What are the Limitations of the Civil Disobedience Movement?

By BYJU'S Exam Prep

Updated on: November 9th, 2023

The limitations of the civil disobedience movement include the Hindu-Muslim divide, untouchables being overlooked, and clashing aspirations. The Civil Disobedience Movement was one of the most important movements aimed toward the independence of India. The movement began on 12 March 1930 with the salt march and had the aim of refusing to cooperate with the British Raj.

Limitations of the Civil Disobedience Movement

The focus of this movement was to obstruct the functioning of the British government by refusing to pay taxes and boycotting foreign goods and government institutions. The famous Salt Satyagraha is part of this movement.

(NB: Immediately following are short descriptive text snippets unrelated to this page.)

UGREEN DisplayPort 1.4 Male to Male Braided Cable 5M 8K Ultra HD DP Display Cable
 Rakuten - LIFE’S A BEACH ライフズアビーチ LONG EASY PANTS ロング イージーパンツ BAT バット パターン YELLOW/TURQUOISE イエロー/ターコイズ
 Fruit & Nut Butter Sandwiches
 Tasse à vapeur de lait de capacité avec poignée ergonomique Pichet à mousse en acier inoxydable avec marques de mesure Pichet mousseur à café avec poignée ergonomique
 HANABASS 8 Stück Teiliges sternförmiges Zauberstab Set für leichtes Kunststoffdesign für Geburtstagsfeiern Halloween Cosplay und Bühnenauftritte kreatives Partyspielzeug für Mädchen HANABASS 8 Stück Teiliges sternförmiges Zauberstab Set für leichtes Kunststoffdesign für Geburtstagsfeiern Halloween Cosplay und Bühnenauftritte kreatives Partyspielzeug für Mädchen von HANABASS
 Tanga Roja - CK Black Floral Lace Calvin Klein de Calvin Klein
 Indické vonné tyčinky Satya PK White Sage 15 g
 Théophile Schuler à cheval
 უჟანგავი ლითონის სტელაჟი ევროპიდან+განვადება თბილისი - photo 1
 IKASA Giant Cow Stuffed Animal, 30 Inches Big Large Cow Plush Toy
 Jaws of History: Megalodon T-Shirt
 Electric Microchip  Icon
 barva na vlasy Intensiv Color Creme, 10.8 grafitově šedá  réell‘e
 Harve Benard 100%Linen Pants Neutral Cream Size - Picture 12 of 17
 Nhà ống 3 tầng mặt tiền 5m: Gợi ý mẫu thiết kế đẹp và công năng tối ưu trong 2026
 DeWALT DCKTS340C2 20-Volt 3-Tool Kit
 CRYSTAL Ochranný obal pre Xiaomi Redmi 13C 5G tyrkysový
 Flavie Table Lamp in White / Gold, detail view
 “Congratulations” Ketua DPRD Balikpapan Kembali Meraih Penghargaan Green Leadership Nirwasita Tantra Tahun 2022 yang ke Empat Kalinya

The Civil Disobedience Movement was a massive success. However, the movement had several limitations that hindered its progress and success. Details on the limits are listed below:

  • Hindu-Muslim Partition: During the Civil Disobedience Movement, Hindu organizations dominated the Muslim ones. The lack of participation of Muslim political groups led to a split between minority and majority, creating a tense atmosphere that limited the movement’s success. There was also tension between Congress and the Muslims over the demand for special seats.
  • Limited Dalit Participation: The participation of Dalits was minimal, and their interests were also not given priority. The Congress focused more on the interests of the upper-class Hindus, which alienated a large section of the society from the movement.
  • Conflicting Aspirations: Different groups from different sections of Indian society participated in the movement. Hence they had different aspirations. These aspirations clashed, leading to discord and limiting the entire movement.